The installation and configuration of Dbvisit Replicate, when supporting Kafka as a target, is basically the same as for a regular implementation. As such the general prerequisites and approach outlined in the Installing and Upgrading section of the user guide apply, and should be reviewed. You can install Dbvisit Replicate directly on the Oracle database server itself, use the lightweight FETCHER as an alternative to minimise any impact on the database server, or look at NFS mount options. Whatever option is chosen you need to ensure that the location the PLOG files Dbvisit Replicate generates will be accessible by the Replicate Connector for Kafka, which runs inside the Kafka Connect framework.

At a high level the setup process for the Dbvisit Replicate piece of this configuration is as follows:

  1. install the Dbvisit Replicate software - and this only needs to be done for the source side against which the MINE process will run
  2. rename the executable to dbvpf
  3. configure the replication (the MINE process) using the setup wizard

The Process

Installing the software

Download the Dbvisit Replicate software from the Dbvisit website and follow the user guide instructions to install the software on your server/platform. 

NOTE

  • If the FETCHER component is used then the software must be installed on both the Source (database) and Mine servers.

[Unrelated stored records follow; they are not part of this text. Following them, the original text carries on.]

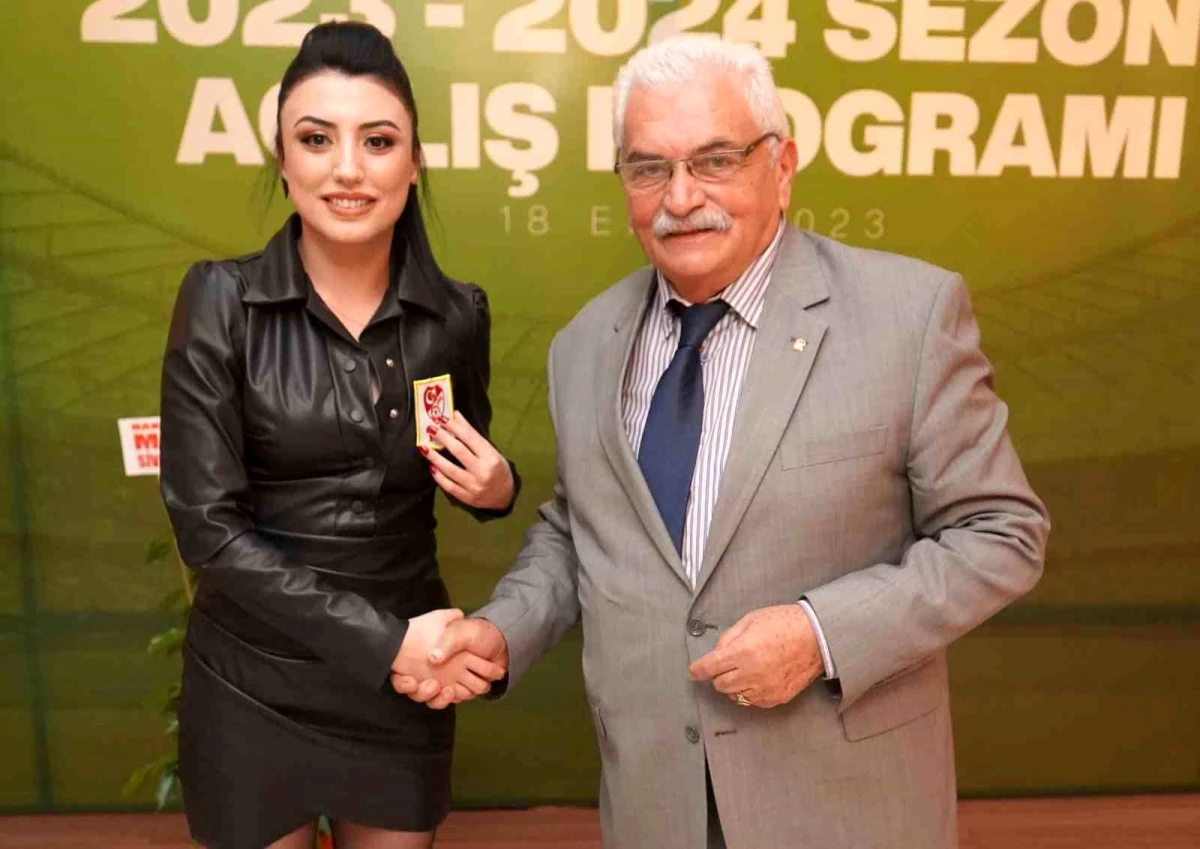 Türkiye Faal Futbol Hakemleri ve Gözlemciler Derneği Sivas Şubesi\'nden 2023-2024 Sezonu Açılış ve Kokart Töreni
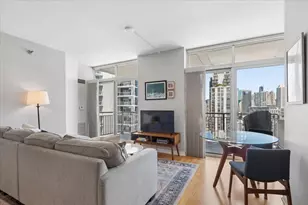 330 W Grand Ave, Chicago, IL 60654 - Photo 10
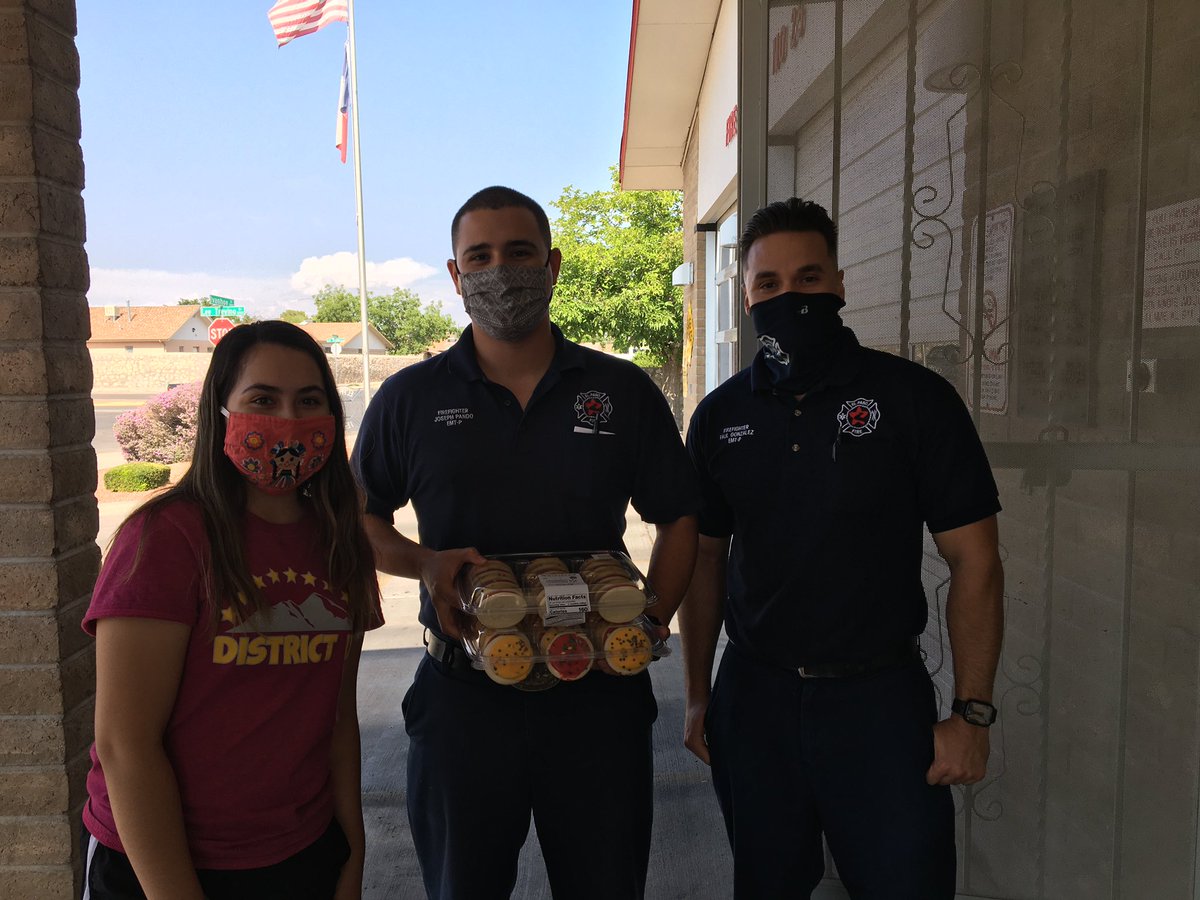 HanksStuCo's tweet photo. Everyday these men and women risk their own lives for the well-being of others. As part of the #unitewithlight challenge, we honored the Sleepless Knights at Station 25 by delivering sweet treats. Thank you for all that you do to keep our city safe!🪓🧯@District9StuCo @TASC_StuCo https://t.co/qAm1j8z2n5
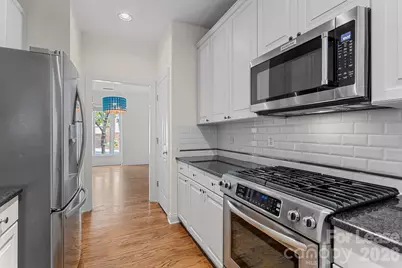 1192 Hampton Gardens Lane, Charlotte, NC 28209 - Photo 13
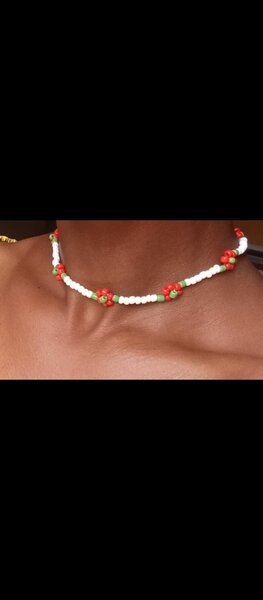 Colliers en perles colorées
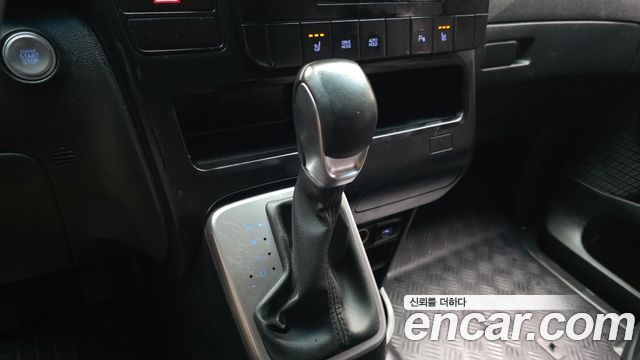 Hyundai Staria 2025 — photo 9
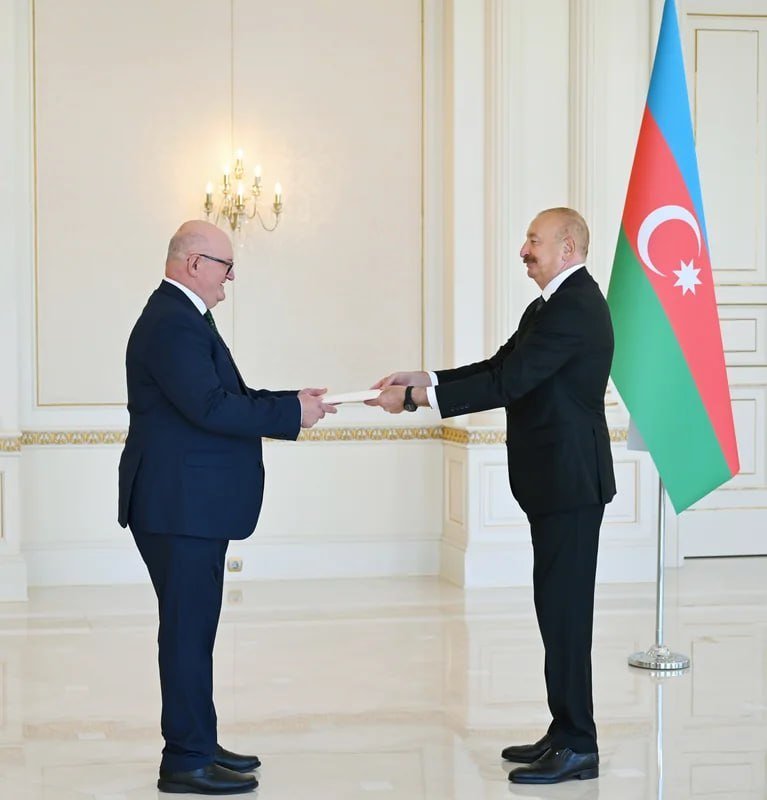 İlham Əliyev Böyük Britaniyanın Azərbaycana yeni təyin olunmuş səfirini qəbul edib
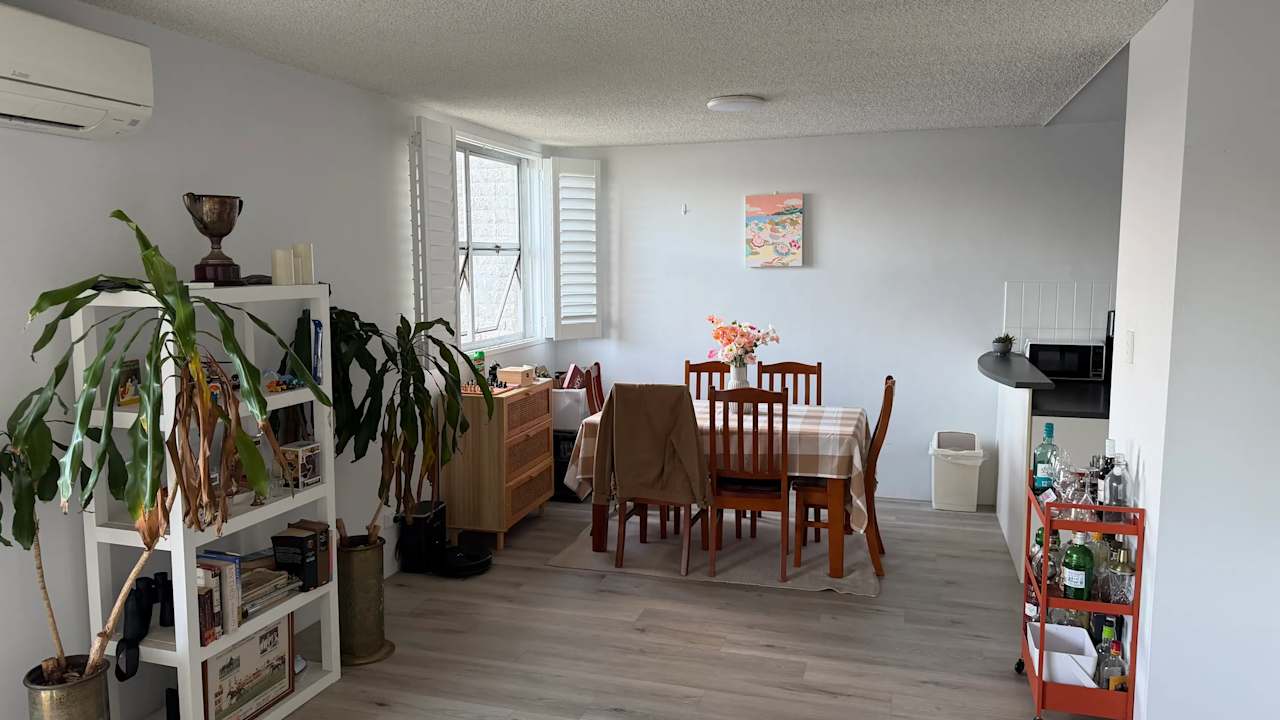 Unfurnished room in a flatshare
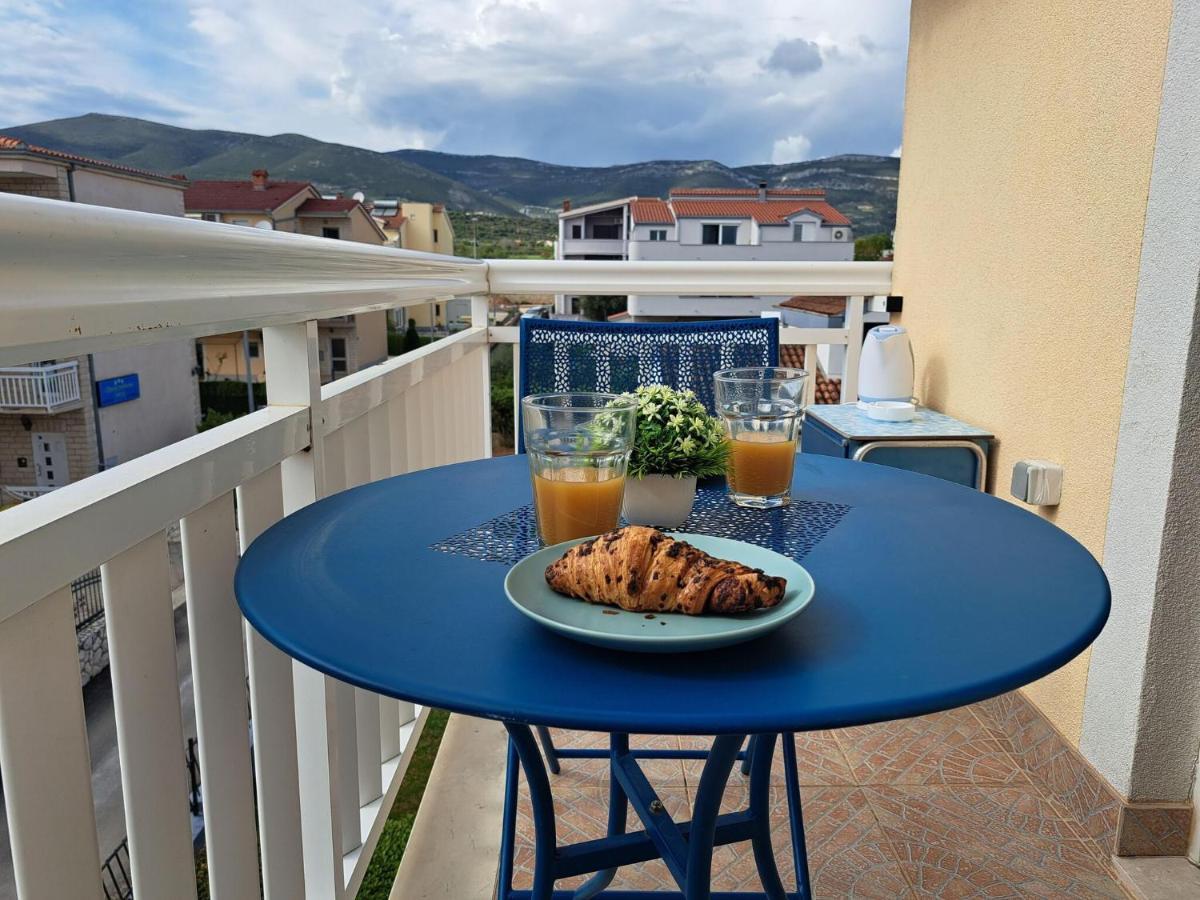 Nice Small Apartment With A Sea View Kastela Dış mekan fotoğraf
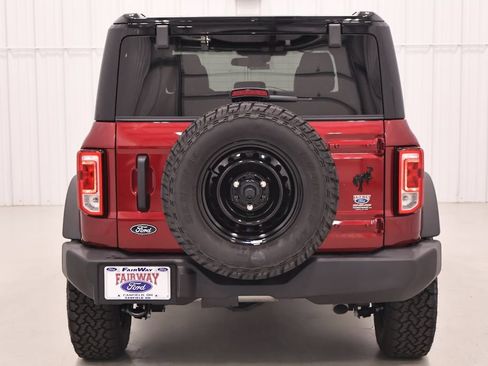 New 2026 Ford Bronco Big Bend w/ Black Appearance Package AWD/4WD image 7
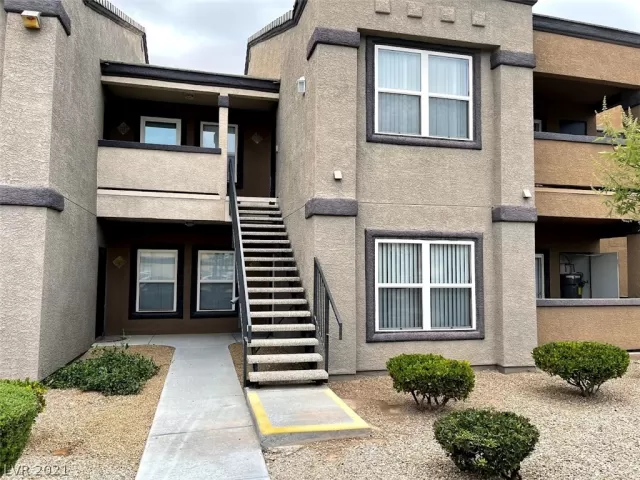 MLS: 2317082 Condo For Sale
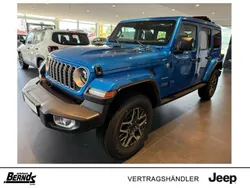 Hydro blue metallic Neu 2025 Jeep Wrangler Unlimited Sahara SUV | 63.985 € (Fairer Preis)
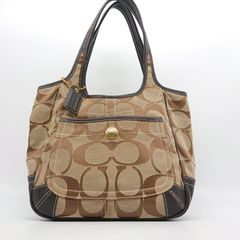COACH 花柄ポーチ SHIBUYA SPRING 2003限定品 COACH 花柄ポーチ SHIBUYA SPRING 2003限定品 - メルカリ
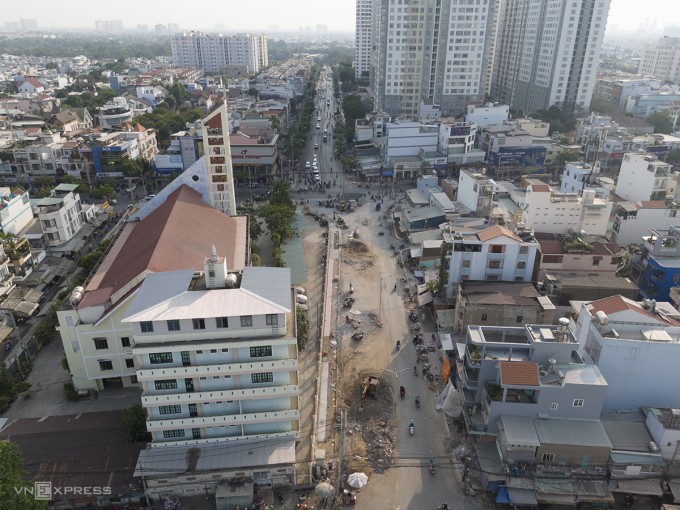 Công trường dự án mở rộng đường Tạ Quang Bửu, phường 4, quận 8, chiều 10/4. Ảnh: Gia Minh
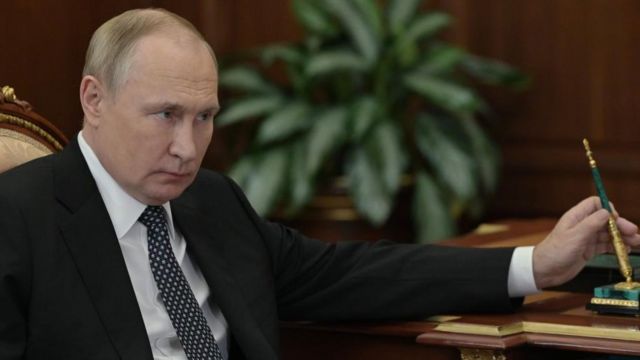 Guerra de Ucrania: el presidente Putin ordena un alto el fuego temporal en Ucrania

Rename the dbvrep executable

In order to trigger specific functionality in support of Kafka as a target the dbvrep executable needs to be renamed to dbvpf. To do so navigate to your Dbvisit Replicate installation directory and, as a user with appropriate privileges to do so, rename the executable as follows:

[root@dbvrep01 /usr/dbvisit/replicate] # mv dbvrep dbvpf
[root@dbvrep01 /usr/dbvisit/replicate] # ls -ltr
total 66340
-rw-r--r-- 1 root root 100518 Oct 27 05:42 README.txt
-rw-r--r-- 1 root root 120 Oct 27 05:42 online_user_guide_reference_dbvrep.txt
-rwxr-xr-x 1 root root 67806725 Oct 27 05:42 dbvpf
-rw-r--r-- 1 root root 15892 Oct 27 05:42 Dbvisit-MIB-SNMP.txt
[root@dbvrep01 /usr/dbvisit/replicate] #

NOTE

  • If the FETCHER component is used then the exectubles must be renamed to dbvpf on both the Source (database) and Mine servers.


Run the setup wizard

You can then invoke the Dbvisit Replicate console, by calling the executable as follows, and launching the setup wizard to configure the replication:

[oracle@dbvrep01 REPCON]$ /usr/dbvisit/replicate/dbvpf
Initializing......done
Dbvisit PureFlow version 2.9.00
Copyright (C) Dbvisit Software Limited. All rights reserved.
No DDC file loaded.
Run "setup wizard" to start the configuration wizard or try "help" to see all commands available.
dbvpf> setup wizard
[Integration option enabled]
This wizard configures Dbvisit PureFlow.

The setup wizard creates configuration scripts, which need to be run after the wizard ends. No changes to the databases are made before that.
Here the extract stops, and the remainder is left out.